Start of Listed records
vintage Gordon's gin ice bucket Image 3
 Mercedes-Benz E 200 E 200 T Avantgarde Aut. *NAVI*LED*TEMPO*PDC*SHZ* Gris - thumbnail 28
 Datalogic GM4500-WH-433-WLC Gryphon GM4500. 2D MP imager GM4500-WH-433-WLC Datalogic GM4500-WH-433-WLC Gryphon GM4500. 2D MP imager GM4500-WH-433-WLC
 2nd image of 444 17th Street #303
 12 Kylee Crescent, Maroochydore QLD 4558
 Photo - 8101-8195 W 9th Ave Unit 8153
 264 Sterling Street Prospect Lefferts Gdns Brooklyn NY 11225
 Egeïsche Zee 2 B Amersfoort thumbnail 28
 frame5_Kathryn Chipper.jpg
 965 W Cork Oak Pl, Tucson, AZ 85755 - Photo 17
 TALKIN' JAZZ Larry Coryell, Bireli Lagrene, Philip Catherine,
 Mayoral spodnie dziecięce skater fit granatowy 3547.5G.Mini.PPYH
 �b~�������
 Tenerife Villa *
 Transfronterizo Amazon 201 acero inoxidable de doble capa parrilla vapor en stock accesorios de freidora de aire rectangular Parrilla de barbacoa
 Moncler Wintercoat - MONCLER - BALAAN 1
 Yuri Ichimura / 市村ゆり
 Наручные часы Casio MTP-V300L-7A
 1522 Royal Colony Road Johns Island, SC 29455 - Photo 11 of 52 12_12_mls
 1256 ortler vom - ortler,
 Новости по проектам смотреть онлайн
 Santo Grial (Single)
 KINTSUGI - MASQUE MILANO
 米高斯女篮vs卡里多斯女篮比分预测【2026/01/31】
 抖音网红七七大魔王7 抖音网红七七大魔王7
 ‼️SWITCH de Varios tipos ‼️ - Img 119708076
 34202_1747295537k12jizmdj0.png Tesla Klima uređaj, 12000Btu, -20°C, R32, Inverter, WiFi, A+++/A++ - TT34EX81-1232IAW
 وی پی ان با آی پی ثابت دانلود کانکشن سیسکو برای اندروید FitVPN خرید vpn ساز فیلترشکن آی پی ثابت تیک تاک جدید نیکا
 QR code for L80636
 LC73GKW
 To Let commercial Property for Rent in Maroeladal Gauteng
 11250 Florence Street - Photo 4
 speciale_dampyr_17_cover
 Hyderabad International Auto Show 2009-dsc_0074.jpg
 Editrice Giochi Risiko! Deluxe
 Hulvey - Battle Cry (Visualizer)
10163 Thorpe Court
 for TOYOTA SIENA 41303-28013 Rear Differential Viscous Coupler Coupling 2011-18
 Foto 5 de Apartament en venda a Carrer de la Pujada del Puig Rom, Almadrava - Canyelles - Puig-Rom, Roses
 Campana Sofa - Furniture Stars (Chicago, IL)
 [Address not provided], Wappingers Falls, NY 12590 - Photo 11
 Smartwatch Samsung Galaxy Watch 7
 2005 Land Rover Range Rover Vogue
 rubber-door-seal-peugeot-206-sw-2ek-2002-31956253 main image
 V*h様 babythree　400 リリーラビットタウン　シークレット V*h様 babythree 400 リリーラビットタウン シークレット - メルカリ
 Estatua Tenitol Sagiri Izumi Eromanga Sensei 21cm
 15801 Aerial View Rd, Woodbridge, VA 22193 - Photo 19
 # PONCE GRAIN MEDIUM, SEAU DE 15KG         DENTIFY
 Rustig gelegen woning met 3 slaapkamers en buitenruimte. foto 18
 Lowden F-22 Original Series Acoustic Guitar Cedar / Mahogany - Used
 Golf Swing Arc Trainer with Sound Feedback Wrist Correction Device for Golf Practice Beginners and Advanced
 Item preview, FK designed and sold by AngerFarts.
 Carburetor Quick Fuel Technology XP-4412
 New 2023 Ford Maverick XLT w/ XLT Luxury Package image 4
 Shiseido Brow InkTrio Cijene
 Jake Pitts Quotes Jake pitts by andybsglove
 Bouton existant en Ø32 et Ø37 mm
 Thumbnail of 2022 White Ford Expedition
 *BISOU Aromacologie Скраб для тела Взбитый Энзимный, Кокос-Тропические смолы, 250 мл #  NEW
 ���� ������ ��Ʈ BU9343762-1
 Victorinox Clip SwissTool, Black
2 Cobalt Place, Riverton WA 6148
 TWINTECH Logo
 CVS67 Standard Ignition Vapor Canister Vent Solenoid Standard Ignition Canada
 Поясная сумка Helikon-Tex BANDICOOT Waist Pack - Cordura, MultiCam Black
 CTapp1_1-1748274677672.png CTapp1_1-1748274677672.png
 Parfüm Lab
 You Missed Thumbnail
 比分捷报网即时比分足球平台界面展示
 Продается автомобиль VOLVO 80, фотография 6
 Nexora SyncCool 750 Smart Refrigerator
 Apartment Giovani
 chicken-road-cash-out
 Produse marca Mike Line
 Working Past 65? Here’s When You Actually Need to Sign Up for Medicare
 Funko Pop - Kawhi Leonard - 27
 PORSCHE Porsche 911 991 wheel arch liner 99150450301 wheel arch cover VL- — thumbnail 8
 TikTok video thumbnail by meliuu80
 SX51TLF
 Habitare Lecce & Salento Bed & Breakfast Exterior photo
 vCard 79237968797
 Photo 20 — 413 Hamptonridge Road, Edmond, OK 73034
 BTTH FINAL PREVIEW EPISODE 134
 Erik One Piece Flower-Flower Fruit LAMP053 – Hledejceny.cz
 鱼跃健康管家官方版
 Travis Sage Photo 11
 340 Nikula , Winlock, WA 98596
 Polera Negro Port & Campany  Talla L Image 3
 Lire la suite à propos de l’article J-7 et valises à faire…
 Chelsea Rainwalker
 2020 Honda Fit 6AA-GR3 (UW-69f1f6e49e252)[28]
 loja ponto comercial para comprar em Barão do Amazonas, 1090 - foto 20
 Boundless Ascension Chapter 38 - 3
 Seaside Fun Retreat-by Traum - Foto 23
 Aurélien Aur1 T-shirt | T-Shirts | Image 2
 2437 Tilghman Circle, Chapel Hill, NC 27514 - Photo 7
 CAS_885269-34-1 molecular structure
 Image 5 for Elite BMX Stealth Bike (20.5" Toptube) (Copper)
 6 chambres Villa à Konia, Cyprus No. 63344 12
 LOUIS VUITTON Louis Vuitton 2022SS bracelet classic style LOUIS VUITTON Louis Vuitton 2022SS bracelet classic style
End of Listed records
#### Task to complete
Write down exactly the span of lines above from the one containing "Thumbnail of 2022 White Ford Expedition" to the one containing "Funko Pop - Kawhi Leonard - 27", both ends included.

#### Task response
 Thumbnail of 2022 White Ford Expedition
 *BISOU Aromacologie Скраб для тела Взбитый Энзимный, Кокос-Тропические смолы, 250 мл #  NEW
 ���� ������ ��Ʈ BU9343762-1
 Victorinox Clip SwissTool, Black
2 Cobalt Place, Riverton WA 6148
 TWINTECH Logo
 CVS67 Standard Ignition Vapor Canister Vent Solenoid Standard Ignition Canada
 Поясная сумка Helikon-Tex BANDICOOT Waist Pack - Cordura, MultiCam Black
 CTapp1_1-1748274677672.png CTapp1_1-1748274677672.png
 Parfüm Lab
 You Missed Thumbnail
 比分捷报网即时比分足球平台界面展示
 Продается автомобиль VOLVO 80, фотография 6
 Nexora SyncCool 750 Smart Refrigerator
 Apartment Giovani
 chicken-road-cash-out
 Produse marca Mike Line
 Working Past 65? Here’s When You Actually Need to Sign Up for Medicare
 Funko Pop - Kawhi Leonard - 27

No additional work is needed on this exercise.